Segment Start: Data extract

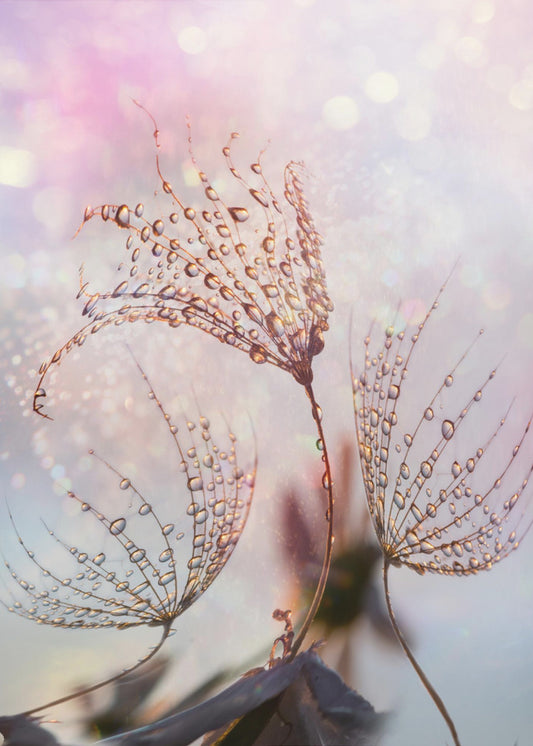macro | Canvas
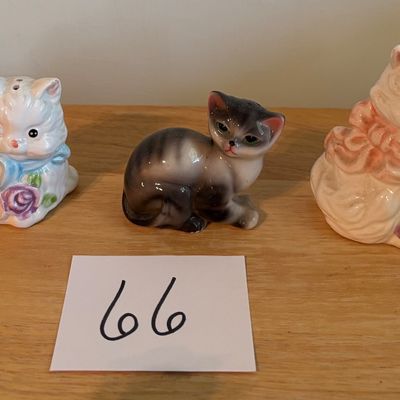 Cat Shaker Lot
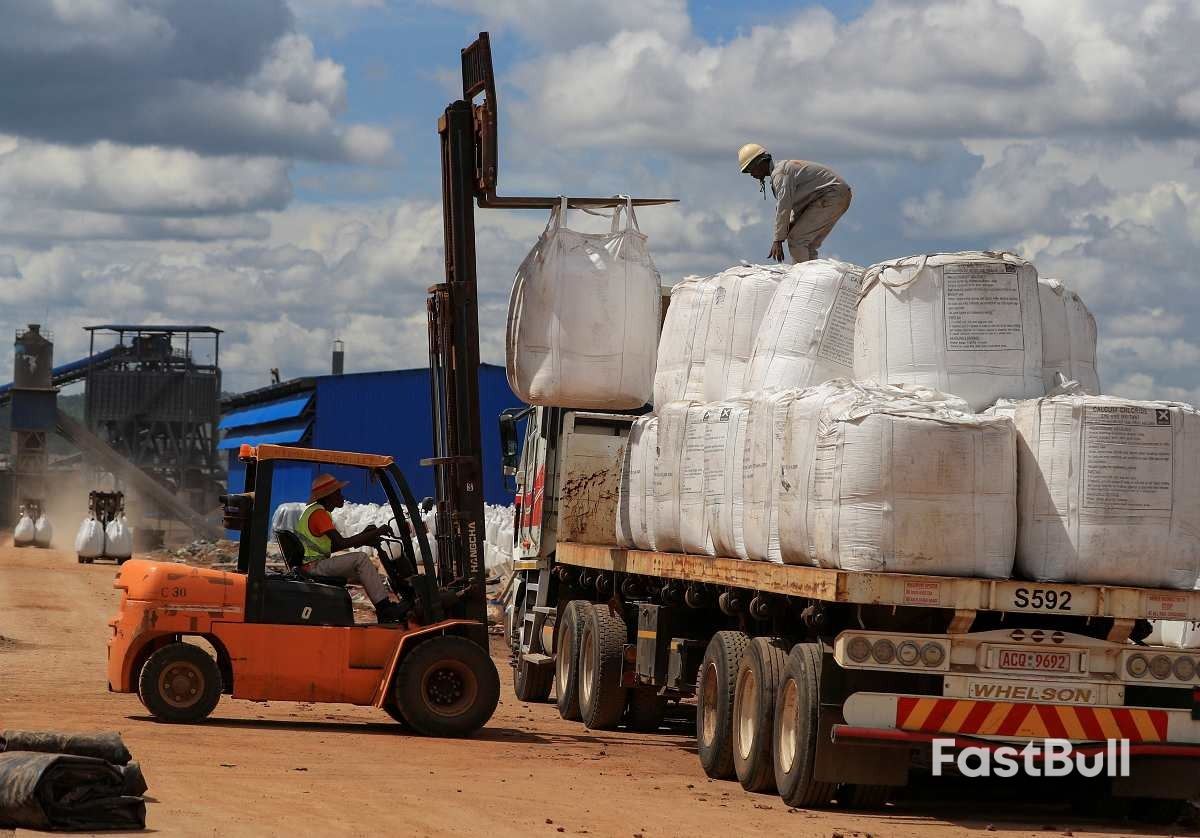 津巴布韦将于2027年起禁止锂精矿出口_1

Segment End: Data extract

• _Exercise requirements_:
Omit all images when repeating the data above exactly.

• _Task result_:
macro | Canvas
 Cat Shaker Lot
 津巴布韦将于2027年起禁止锂精矿出口_1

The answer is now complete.